What is our sin?
And it shall come to pass, when thou shalt shew this people all these words, and they shall say unto thee, Wherefore hath the LORD pronounced all this great evil against us? Or what is our iniquity? Or what is our sin that we have committed against the LORD our God? Then shalt thou say unto them, Because your fathers have forsaken me, saith the LORD, and have walked after other gods, and have served them, and have worshipped them, and have forsaken me, and have not kept my law; and ye have done worse than your fathers; for, behold, ye walk every one after the imagination of his evil heart, that they may not hearken unto me. Jeremiah 16:10-12
If you have ever read the book of Jeremiah or know something about the spiritual state of Judah during Jeremiah's ministry, you might be tempted to think that there was a witch hiding in every closet in every home during those dark days. It was awful. The level of apostasy was so bad and so irrecoverable that God had determined to send his own chosen people into exile. The city of Jerusalem was to be devastated and the temple destroyed. And it was because of the outrageous sin of the people.
And yet, when Jeremiah tried to confront them with their sins, all they could say was, "What is our iniquity? Or what is our sin?" Despite the flagrancy of their sin, they couldn't see it. They still imagined that they were in good standing with God. They comforted themselves that all was alright. They just couldn't understand why Jeremiah would pronounce such evil against them. It was incomprehensible to them. It was Jeremiah who was bad, not them!
Before you judge the ancient Israelites, however, do we not see our own tendency mirrored here - a tendency to justify sin in our lives, to explain away our unfaithfulness to the Lord, the easiness with which we rationalize our false and wrong behaviors and attitudes? I know this describes all too often my own attitude towards the sin in my life. Therefore, let us, aware of this, make every effort to expose our own hearts, open and bare, before the Lord and his word, and to sincerely ask him, as the psalmist did, "Search me, O God, and know my heart: try me, and know my thoughts: and see if there be any wicked way in me, and lead me in the way everlasting" (Ps. 139:23-24).
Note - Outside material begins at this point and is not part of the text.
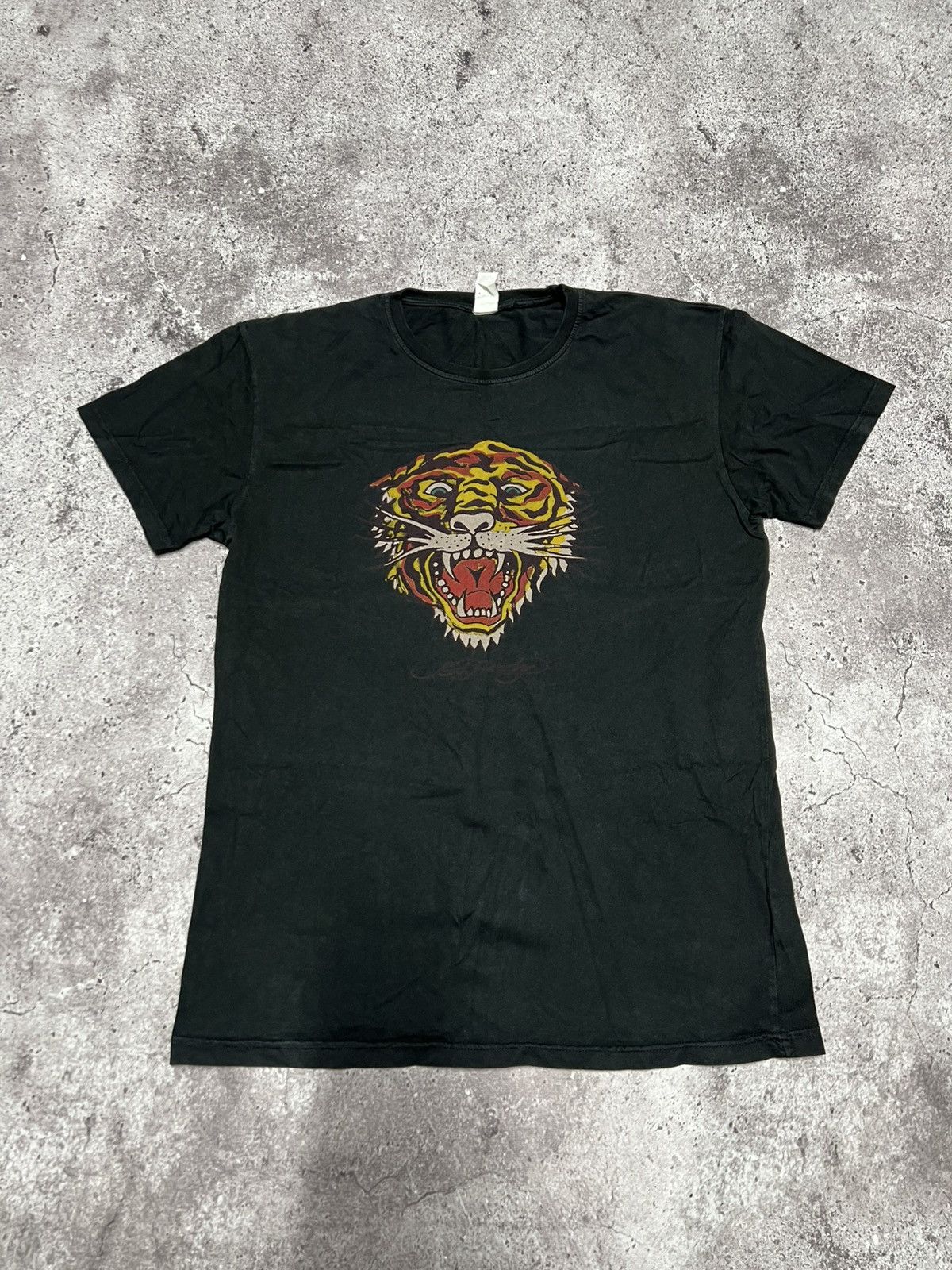 Ed Hardy Vintage Ed Hardy T-Shirt Faded Y2K Japan Hysterical Style Size US XL / EU 56 / 4 - 1 Thumbnail
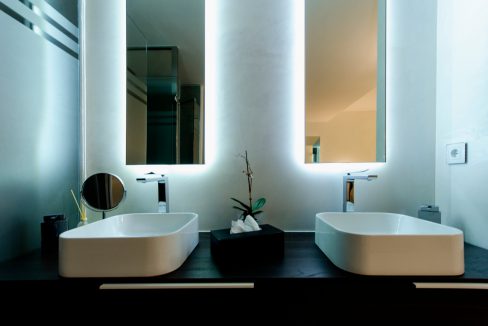 d5f6a1ae9a8c5c5f6a1ae9a8c95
And we should thank the Lord that one of the ways the Holy Spirit ministers to us is to do this very thing: to open our eyes and to remove our blindness (Acts 26:18; 2 Cor. 4:1-6). Jesus Christ died for us, not only to take away our sin but also to take away our blindness to it and to open our eyes instead to the glory of God. Moreover, we need not fear being exposed before the Lord, for we do not relate to him through Christ on the basis of our own works, but on the basis of grace freely given to us in him. He did not come to call the healthy and the righteous, but the sick and the sinful (Mk. 2:17).